Trained weights (result of pre-training)

Training happens in two phases: pre-training (learning language from trillions of tokens over months of GPU compute) and alignment fine-tuning (teaching the model to be helpful and safe). By the time you use a model, this phase is long finished.

Pre-training
The model reads trillions of tokens from the web, books, and code. For each token, it predicts the next one, measures its error (loss), and adjusts weights via backpropagation. Repeated billions of times.
RLHF
Reinforcement Learning from Human Feedback. Human raters rank model outputs → a reward model learns those preferences → the LLM is fine-tuned to score higher on the reward model.
Constitutional AI
Anthropic's method: the model critiques its own outputs against a set of principles and revises them. Trains on the improved versions — less human labeling, more systematic value alignment.
Cost reality
Pre-training frontier models costs $50M–$500M+ in compute.
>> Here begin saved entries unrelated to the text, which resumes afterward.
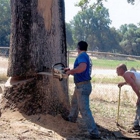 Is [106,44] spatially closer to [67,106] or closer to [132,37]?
[132,37]

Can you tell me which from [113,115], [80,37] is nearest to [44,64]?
[113,115]

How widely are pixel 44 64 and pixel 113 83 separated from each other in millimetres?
9025

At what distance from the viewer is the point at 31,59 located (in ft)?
20.5

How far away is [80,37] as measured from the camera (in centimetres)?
7544

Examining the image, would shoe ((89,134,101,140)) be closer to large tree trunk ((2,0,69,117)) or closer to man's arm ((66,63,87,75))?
large tree trunk ((2,0,69,117))

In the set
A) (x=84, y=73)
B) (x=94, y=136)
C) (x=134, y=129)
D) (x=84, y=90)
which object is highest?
(x=84, y=73)

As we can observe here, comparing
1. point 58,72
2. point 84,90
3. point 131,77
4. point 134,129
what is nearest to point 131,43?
point 134,129

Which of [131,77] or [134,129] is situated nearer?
[131,77]

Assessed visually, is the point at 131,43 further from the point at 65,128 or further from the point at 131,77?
the point at 65,128

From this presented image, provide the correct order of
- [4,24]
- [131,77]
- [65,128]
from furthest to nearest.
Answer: [4,24], [131,77], [65,128]

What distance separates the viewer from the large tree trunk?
245 inches

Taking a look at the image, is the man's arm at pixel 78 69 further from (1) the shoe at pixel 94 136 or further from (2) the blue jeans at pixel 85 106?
(1) the shoe at pixel 94 136

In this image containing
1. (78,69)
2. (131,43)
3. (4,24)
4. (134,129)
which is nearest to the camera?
(78,69)

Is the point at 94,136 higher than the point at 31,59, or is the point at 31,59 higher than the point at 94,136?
the point at 31,59
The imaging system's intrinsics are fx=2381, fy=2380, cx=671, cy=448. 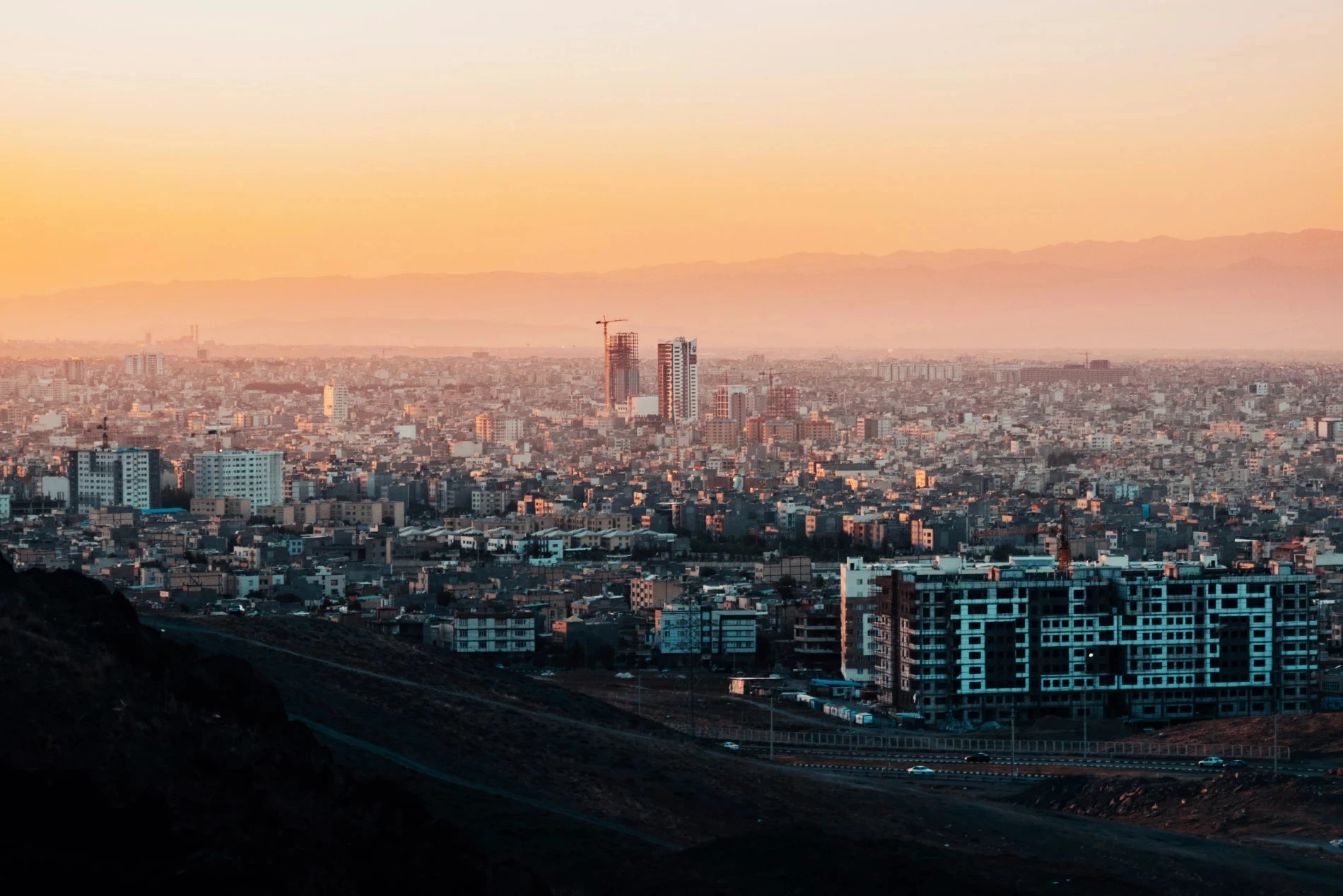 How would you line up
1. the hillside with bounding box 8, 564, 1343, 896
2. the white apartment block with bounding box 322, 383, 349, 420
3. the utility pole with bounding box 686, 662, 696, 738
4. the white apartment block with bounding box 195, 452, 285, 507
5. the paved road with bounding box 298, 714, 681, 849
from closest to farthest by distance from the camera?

This is why only a handful of organizations can do it — but application design on top of these models is accessible to everyone.
Training data

Three distinct storage needs: the raw training data (petabytes of text), the trained model weights (hundreds of gigabytes per checkpoint), and runtime data (vector embeddings, user sessions, application state).

Object storage (S3/GCS)
Cloud blob storage for training datasets and model weight checkpoints. Cheap, infinitely scalable, and the backbone of every major AI lab's data infrastructure.
Vector databases
Pinecone, Weaviate, Qdrant — specialized databases that store embeddings and enable semantic search. The data layer that powers RAG: find documents by meaning, not keyword.
Model weight checkpoints
Snapshots of model weights saved during training. A single checkpoint for a large model can be 300GB–1TB. Labs maintain many checkpoints to roll back if training goes wrong.
Application databases
SQL (Postgres, MySQL) and NoSQL (MongoDB, Supabase) for user data, conversation history, application state, and anything else your AI application needs to remember.
Raw compute power

The physical layer everything runs on. AI training and inference are fundamentally matrix multiplication problems — GPUs excel at this because they have thousands of parallel cores designed for exactly that math.

NVIDIA H100 GPUs
The current standard for AI training. Each H100 has 80GB of HBM3 memory and ~3,000 teraflops of tensor performance. Training clusters link thousands of them together.
Google TPUs
Custom chips designed specifically for tensor operations. Google trains Gemini on its own TPU pods — gives them control over the full stack from silicon to model.
High-speed interconnects
NVLink (GPU-to-GPU on one server) and InfiniBand (server-to-server) allow the cluster to act as one giant computer. Bandwidth between GPUs is as important as GPU speed itself.
Power & cooling
A single H100 draws ~700W. A training cluster of 10,000 GPUs needs ~7 megawatts — roughly the power of a small town. Liquid cooling is now standard at this scale.